World Egg Day takes place on Friday, October 11 and Bord Bia is encouraging people to get ‘cracking’ and create some delicious and versatile eggs dishes, in the coming weeks.
Eggs are known to be high in protein, meaning they are the perfect meal option for post work outs and exercise. They are quick and easy to make and provide fuel for our busy daily lives.
Bord Bia has developed a suite of nutritious and easy recipes which are attached for your review and can be found at www.bordbia.ie/eggs Remember to always look for the Bord Bia Quality Mark when purchasing eggs so that you know they have been produced to the highest Bord Bia quality standards and where they come from.
Caesar Salad with Soft Boiled Eggs and Bacon
Who doesn’t love a good caesar salad? One taste of this and you’ll be wondering why you never had eggs in it before now! A great twist on a classic.
1 tablesp. olive oil
3 slices of white or brown bread, cut into cubes
4 smoked rashers, diced
4 eggs for boiling
2 baby gem lettuce, leaves washed and dried
Mature Cheddar Cheese for grating
1 whole egg
2 anchovies, finely chopped
1 teaspoon Dijon mustard
Juice of half a lime
1 clove of garlic, crushed
100mls olive oil
Salt and freshly ground black pepper
Heat the oil in a frying pan. Add the cubes of bread and fry until golden, set aside. In the same pan add the rashers and cook until crispy, set aside.
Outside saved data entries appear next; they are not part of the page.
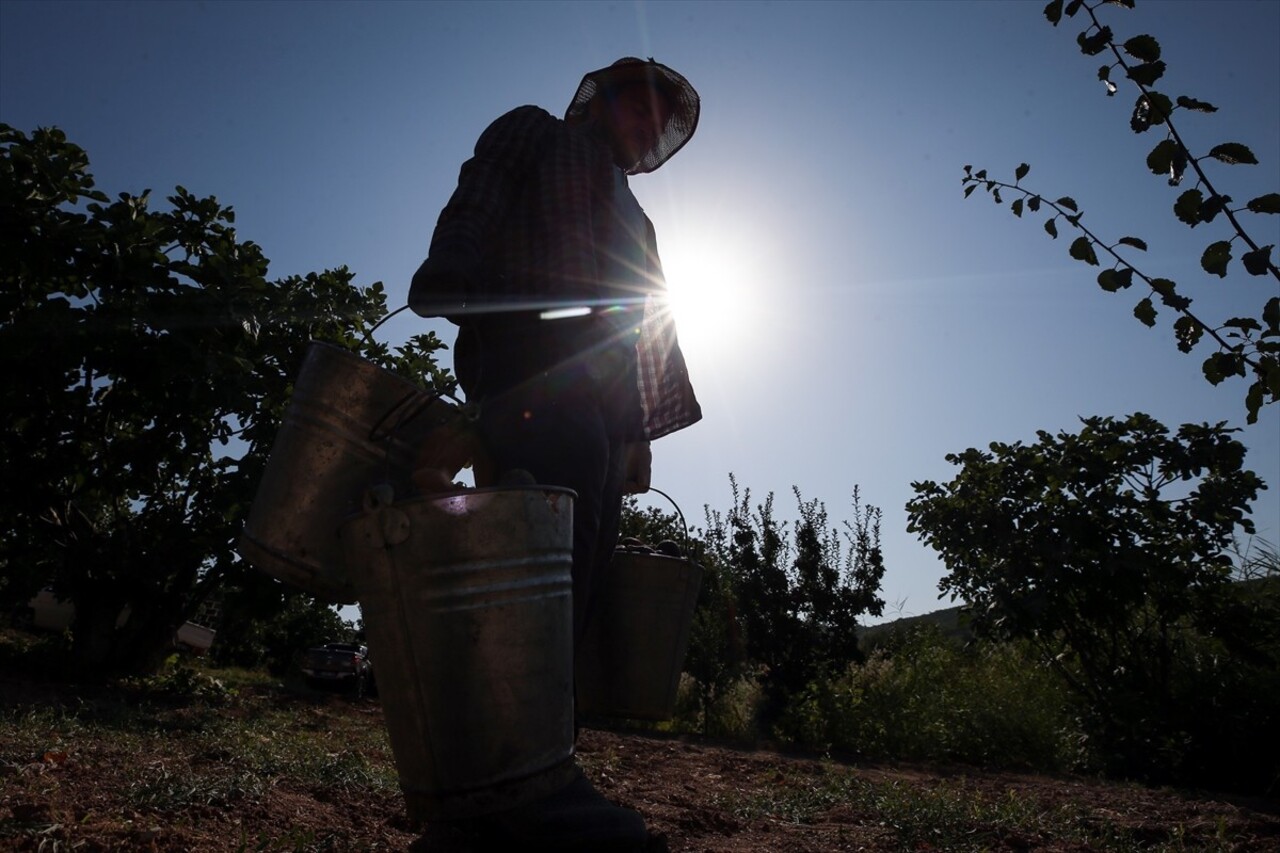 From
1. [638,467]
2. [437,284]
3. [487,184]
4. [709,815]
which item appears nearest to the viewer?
[437,284]

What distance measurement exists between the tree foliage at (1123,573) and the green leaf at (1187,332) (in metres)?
4.35

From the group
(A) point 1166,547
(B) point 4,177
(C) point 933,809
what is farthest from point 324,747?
(A) point 1166,547

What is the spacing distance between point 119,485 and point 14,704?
1830 mm

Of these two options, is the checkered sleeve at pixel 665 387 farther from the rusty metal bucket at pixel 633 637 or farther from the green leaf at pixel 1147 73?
the green leaf at pixel 1147 73

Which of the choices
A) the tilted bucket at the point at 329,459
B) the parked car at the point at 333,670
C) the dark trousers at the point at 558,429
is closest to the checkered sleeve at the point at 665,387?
the dark trousers at the point at 558,429

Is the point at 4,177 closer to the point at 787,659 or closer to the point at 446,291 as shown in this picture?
the point at 446,291

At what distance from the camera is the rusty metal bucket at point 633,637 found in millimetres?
2262

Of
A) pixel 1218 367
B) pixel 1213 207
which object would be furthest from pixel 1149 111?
pixel 1218 367

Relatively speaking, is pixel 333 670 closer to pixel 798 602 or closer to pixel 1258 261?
pixel 798 602

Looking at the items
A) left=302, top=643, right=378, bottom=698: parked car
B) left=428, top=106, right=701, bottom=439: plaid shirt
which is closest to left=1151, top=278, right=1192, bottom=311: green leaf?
left=428, top=106, right=701, bottom=439: plaid shirt

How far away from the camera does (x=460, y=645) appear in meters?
1.48

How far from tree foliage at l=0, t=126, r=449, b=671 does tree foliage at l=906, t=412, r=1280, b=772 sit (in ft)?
14.5

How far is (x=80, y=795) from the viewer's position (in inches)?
85.3

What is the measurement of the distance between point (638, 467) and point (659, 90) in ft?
3.52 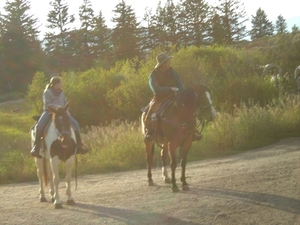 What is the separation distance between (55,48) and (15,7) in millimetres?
7865

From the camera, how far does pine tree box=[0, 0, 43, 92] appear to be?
64.3 meters

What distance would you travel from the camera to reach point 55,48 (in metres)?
74.4

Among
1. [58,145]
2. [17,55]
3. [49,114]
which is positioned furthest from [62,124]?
[17,55]

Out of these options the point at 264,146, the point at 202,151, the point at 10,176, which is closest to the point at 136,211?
the point at 10,176

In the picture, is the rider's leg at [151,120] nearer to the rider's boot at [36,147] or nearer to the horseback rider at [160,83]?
the horseback rider at [160,83]

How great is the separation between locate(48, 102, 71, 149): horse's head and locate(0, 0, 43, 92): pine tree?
55.5 metres

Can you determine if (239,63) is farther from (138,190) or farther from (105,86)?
(138,190)

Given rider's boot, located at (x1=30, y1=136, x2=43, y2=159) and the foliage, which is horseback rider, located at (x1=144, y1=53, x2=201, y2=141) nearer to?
rider's boot, located at (x1=30, y1=136, x2=43, y2=159)

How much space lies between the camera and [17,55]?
211 feet

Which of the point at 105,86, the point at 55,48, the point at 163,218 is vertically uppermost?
the point at 55,48

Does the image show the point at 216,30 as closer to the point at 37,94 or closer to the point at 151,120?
the point at 37,94

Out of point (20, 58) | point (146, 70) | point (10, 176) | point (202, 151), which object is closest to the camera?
point (10, 176)

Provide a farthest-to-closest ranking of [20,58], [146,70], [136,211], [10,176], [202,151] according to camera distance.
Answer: [20,58], [146,70], [202,151], [10,176], [136,211]

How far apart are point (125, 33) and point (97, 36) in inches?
270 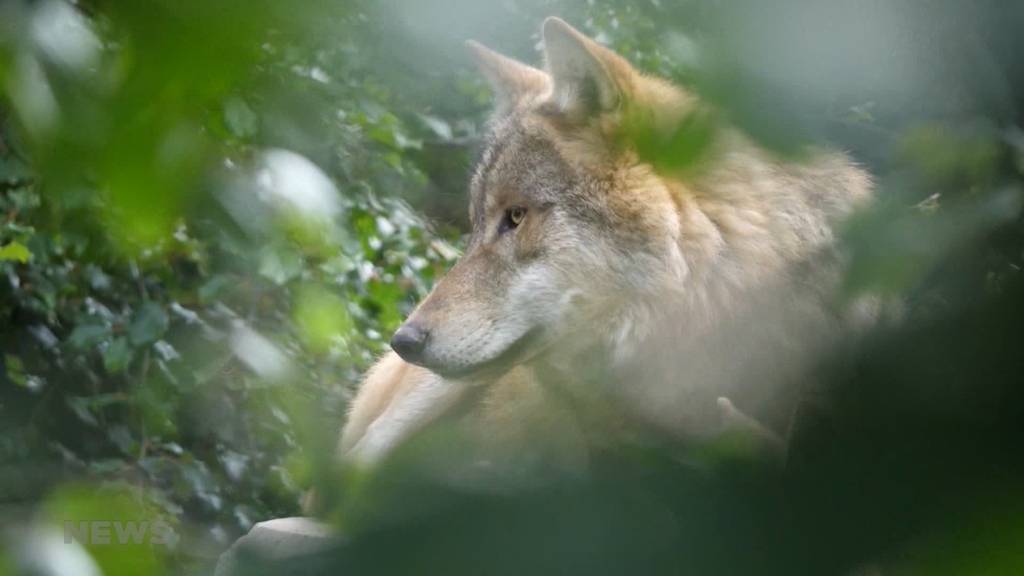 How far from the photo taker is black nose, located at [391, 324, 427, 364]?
2398mm

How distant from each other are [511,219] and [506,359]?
318 mm

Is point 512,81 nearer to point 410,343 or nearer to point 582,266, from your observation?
point 582,266

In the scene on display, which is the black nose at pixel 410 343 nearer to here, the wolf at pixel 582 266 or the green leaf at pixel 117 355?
the wolf at pixel 582 266

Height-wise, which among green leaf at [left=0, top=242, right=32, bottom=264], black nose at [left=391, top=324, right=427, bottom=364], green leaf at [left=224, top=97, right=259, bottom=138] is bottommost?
green leaf at [left=0, top=242, right=32, bottom=264]

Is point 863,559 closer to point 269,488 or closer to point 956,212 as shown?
point 956,212

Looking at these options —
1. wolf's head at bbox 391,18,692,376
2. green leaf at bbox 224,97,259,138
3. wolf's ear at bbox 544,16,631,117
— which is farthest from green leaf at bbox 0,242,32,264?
green leaf at bbox 224,97,259,138

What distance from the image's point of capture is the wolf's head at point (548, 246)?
7.50 feet

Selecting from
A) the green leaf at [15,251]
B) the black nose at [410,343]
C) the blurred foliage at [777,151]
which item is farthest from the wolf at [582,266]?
the blurred foliage at [777,151]

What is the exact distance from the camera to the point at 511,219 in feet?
8.32

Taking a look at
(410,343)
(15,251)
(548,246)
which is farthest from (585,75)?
(15,251)

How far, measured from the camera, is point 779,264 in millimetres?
2141

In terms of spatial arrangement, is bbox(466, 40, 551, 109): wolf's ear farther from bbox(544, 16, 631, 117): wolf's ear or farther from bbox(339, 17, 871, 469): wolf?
bbox(544, 16, 631, 117): wolf's ear

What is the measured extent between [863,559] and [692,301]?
1.94m

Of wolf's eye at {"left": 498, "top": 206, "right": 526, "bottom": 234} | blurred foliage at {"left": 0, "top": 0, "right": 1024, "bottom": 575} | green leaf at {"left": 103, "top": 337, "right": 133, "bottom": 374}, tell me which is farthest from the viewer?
green leaf at {"left": 103, "top": 337, "right": 133, "bottom": 374} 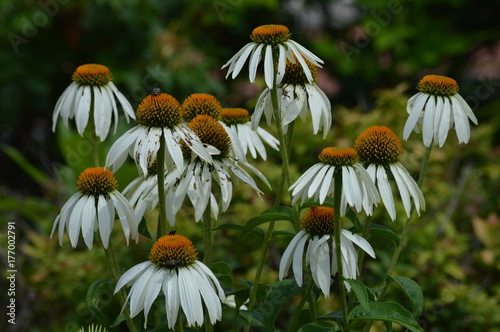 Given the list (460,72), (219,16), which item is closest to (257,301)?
(219,16)

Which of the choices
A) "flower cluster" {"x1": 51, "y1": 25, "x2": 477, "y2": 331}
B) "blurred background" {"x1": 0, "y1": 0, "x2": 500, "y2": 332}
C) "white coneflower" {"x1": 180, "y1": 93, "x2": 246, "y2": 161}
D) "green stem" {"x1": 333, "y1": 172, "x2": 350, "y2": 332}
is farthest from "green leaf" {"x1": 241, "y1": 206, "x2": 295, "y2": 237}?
"blurred background" {"x1": 0, "y1": 0, "x2": 500, "y2": 332}

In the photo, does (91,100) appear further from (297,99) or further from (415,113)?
(415,113)

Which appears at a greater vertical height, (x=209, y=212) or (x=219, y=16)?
(x=219, y=16)

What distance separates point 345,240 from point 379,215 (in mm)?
1458

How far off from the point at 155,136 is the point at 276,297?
14.5 inches

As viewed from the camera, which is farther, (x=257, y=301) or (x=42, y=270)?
(x=42, y=270)

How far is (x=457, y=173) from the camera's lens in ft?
10.6

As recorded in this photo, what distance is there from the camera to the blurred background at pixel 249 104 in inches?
96.3

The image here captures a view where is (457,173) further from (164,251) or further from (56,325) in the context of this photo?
(164,251)

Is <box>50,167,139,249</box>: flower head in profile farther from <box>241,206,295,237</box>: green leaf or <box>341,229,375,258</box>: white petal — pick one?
<box>341,229,375,258</box>: white petal

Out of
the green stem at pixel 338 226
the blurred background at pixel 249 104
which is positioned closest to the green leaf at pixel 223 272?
the green stem at pixel 338 226

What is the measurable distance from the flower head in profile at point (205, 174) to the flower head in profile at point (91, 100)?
10.3 inches

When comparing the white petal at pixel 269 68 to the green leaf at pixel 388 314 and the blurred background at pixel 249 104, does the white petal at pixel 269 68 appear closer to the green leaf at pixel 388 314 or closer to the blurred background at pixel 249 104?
the green leaf at pixel 388 314

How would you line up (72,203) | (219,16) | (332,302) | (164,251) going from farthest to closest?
1. (219,16)
2. (332,302)
3. (72,203)
4. (164,251) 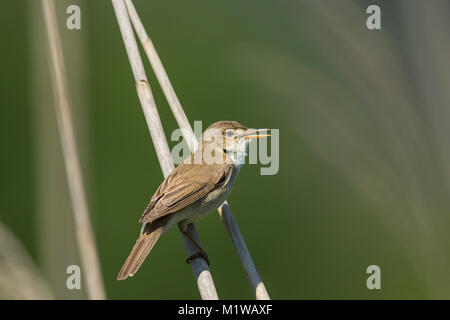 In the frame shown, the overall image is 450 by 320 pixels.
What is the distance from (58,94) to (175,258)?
1851mm

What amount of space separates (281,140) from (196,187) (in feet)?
4.80

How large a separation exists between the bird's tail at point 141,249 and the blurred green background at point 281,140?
1.24 feet

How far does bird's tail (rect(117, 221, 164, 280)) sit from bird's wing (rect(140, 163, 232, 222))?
0.11m

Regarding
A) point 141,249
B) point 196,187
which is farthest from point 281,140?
point 141,249

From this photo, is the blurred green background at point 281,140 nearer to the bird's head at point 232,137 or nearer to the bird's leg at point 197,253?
the bird's head at point 232,137

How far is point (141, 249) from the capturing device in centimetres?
279

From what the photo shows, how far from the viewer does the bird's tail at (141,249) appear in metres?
2.67

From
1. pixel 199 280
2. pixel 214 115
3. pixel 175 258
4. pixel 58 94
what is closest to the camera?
pixel 199 280

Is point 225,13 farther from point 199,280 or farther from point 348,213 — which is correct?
point 199,280

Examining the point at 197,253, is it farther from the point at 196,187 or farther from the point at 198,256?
the point at 196,187

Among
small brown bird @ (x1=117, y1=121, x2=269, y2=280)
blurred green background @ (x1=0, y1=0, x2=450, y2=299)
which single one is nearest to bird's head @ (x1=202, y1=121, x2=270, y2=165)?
small brown bird @ (x1=117, y1=121, x2=269, y2=280)

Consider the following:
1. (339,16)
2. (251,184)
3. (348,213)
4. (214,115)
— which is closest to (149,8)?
(214,115)

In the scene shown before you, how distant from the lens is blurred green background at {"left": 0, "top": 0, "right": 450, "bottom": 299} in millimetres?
3098

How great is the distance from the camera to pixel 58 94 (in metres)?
2.74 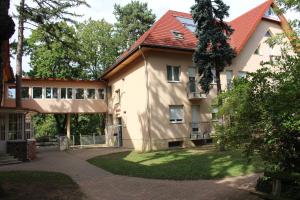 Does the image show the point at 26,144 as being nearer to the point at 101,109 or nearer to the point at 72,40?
the point at 72,40

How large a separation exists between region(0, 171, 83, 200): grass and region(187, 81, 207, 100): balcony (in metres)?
13.8

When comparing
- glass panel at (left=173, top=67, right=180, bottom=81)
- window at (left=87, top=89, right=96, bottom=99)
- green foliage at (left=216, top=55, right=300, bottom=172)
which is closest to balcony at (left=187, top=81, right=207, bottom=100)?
glass panel at (left=173, top=67, right=180, bottom=81)

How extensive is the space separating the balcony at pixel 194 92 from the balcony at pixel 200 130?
6.53 ft

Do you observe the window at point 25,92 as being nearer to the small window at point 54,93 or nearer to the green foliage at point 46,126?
the small window at point 54,93

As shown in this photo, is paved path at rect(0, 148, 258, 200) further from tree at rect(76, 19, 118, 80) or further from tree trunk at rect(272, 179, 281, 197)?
tree at rect(76, 19, 118, 80)

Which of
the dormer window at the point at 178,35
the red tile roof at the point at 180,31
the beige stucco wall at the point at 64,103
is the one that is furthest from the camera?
the beige stucco wall at the point at 64,103

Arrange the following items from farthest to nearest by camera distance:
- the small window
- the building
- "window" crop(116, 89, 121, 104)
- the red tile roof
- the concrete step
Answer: the small window, "window" crop(116, 89, 121, 104), the red tile roof, the building, the concrete step

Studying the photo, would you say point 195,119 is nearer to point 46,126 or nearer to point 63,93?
point 63,93

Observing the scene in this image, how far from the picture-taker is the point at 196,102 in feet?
83.6

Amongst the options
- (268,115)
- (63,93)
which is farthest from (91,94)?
(268,115)

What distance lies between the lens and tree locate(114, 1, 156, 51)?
48.3 metres

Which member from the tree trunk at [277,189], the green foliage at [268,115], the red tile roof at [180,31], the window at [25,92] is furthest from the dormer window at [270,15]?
the tree trunk at [277,189]

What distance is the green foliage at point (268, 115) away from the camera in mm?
7073

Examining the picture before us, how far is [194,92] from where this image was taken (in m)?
25.0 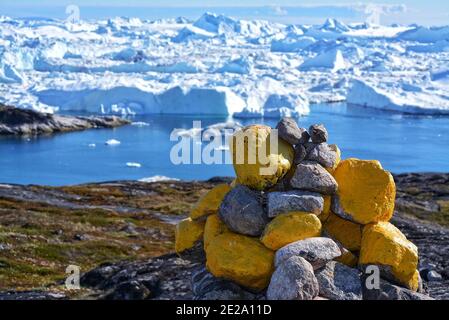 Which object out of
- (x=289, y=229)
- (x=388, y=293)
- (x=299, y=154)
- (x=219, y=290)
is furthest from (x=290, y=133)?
(x=388, y=293)

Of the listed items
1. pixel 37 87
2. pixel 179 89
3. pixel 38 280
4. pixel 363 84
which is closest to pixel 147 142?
pixel 179 89

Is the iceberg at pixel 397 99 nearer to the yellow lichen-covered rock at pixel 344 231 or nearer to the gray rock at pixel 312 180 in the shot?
the yellow lichen-covered rock at pixel 344 231

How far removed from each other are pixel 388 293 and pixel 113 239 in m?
17.8

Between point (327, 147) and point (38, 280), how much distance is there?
10.4 meters

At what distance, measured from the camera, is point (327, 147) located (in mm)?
16469

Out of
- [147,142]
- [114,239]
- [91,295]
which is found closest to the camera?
[91,295]

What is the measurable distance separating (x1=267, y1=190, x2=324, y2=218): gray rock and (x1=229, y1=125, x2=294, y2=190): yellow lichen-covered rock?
480 mm

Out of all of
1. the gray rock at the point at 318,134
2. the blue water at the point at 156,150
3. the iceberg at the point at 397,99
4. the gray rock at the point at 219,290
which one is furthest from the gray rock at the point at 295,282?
the iceberg at the point at 397,99

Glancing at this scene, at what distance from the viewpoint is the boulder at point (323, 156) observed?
16.2 m

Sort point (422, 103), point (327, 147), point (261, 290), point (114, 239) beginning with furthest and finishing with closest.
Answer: point (422, 103), point (114, 239), point (327, 147), point (261, 290)

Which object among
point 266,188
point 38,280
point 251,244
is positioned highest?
point 266,188

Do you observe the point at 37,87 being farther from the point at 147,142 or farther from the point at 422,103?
the point at 422,103

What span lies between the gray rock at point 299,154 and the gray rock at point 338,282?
8.56 ft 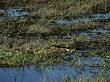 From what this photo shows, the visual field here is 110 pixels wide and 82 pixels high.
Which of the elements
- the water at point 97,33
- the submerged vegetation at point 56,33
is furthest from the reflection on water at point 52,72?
the water at point 97,33

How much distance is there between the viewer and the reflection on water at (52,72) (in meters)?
9.05

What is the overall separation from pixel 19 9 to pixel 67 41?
702 cm

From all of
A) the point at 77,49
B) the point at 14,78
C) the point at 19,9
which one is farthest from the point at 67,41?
the point at 19,9

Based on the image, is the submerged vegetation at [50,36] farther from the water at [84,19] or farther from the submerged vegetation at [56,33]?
the water at [84,19]

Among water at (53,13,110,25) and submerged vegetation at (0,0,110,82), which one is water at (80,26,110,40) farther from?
water at (53,13,110,25)

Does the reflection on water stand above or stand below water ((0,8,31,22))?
above

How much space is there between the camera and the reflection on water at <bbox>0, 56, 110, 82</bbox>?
9.05 m

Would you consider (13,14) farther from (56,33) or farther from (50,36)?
(50,36)

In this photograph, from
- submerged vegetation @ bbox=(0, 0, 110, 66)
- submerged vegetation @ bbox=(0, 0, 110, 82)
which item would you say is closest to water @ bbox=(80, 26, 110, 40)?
submerged vegetation @ bbox=(0, 0, 110, 82)

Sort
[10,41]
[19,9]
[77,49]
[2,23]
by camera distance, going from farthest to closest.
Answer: [19,9] < [2,23] < [10,41] < [77,49]

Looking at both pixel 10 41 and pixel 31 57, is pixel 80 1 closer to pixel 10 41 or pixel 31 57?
pixel 10 41

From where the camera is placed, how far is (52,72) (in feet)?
31.2

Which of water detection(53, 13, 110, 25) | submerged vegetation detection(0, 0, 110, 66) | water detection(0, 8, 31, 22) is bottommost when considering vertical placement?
water detection(0, 8, 31, 22)

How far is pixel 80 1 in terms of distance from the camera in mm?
16953
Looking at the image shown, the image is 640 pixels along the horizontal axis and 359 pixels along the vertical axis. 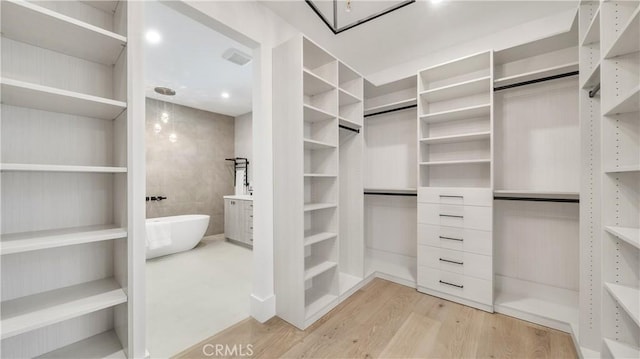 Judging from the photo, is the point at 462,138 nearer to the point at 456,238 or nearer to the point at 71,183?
the point at 456,238

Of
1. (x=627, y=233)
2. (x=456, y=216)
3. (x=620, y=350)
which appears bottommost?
(x=620, y=350)

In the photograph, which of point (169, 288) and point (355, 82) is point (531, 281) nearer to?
point (355, 82)

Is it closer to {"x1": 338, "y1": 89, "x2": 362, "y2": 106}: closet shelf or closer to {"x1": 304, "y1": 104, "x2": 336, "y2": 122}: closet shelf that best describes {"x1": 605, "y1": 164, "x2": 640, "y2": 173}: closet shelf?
{"x1": 304, "y1": 104, "x2": 336, "y2": 122}: closet shelf

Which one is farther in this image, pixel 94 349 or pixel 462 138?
pixel 462 138

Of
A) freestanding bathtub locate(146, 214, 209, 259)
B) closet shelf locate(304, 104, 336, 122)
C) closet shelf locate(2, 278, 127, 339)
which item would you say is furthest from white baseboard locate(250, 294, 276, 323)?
freestanding bathtub locate(146, 214, 209, 259)

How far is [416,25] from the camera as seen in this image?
2.45 meters

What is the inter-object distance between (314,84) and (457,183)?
1.85m

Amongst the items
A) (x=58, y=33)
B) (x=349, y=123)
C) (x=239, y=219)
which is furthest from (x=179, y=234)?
(x=58, y=33)

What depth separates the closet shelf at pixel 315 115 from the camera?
2.13m

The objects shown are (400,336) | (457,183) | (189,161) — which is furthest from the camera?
(189,161)

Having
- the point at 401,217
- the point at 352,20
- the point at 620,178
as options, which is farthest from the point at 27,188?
the point at 401,217

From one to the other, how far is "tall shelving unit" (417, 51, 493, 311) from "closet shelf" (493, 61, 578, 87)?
128 millimetres

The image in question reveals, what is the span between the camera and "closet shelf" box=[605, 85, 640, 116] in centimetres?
94

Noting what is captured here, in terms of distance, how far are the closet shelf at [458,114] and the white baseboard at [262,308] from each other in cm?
230
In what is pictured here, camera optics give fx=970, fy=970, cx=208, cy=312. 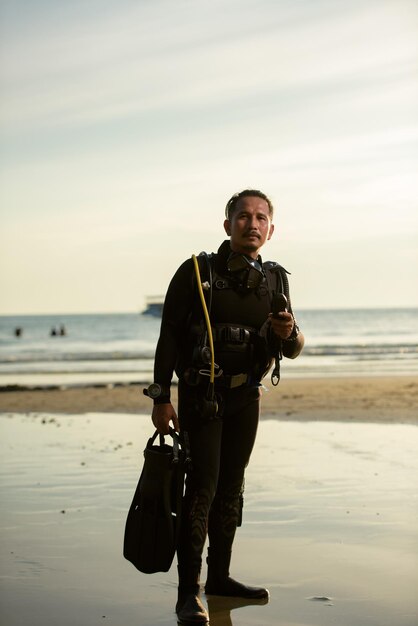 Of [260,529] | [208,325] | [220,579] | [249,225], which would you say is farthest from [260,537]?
[249,225]

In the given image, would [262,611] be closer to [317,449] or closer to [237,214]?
[237,214]

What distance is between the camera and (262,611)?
184 inches

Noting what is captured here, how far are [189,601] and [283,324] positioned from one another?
137 cm

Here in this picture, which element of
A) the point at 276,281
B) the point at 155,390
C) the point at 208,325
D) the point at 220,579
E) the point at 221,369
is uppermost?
the point at 276,281

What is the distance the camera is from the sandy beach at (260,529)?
4.68 metres

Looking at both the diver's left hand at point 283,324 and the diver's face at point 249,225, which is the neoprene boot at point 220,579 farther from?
the diver's face at point 249,225

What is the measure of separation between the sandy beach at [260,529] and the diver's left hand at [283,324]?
1.32m

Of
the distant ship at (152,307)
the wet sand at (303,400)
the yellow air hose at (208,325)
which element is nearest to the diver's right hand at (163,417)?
the yellow air hose at (208,325)

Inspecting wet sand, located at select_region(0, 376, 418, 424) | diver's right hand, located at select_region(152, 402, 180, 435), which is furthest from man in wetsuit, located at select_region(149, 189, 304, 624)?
wet sand, located at select_region(0, 376, 418, 424)

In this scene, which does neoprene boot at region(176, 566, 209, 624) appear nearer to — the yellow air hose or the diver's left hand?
the yellow air hose

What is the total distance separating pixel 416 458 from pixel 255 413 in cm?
444

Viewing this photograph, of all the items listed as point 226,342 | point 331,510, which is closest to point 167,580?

Put the eggs in a saucepan and cover with cold water. Bring to the boil and cook for 3-6 minutes depending on how you want your eggs cooked, soft boiled or hard boiled. Remove from the saucepan and put into a bowl of cold water, then when cold enough to handle peel and set aside.
For the dressing, place the egg, chopped anchovies, mustard, lime juice and garlic in a food processor. Whiz to combine. You can do this by hand if you prefer. Slowly add the oil a few drops at atime, while continuing to whiz until the mixture thickens, taste and season. The dressing should have the consistency of unwhipped cream. If it is too thick, add a teaspoon of warm water.
Roughly tear the lettuce and place in a large mixing bowl. Add 4-5 tablespoons of the dressing and toss well to coat. Add the croutons and bacon and toss again. Cut the boiled eggs into quarters.
Divide the salad into four serving bowls and top with boiled egg quarters. Grate on some cheese and serve immediately.You will need only half this dressing, the rest can keep in the fridge for 1-2 days.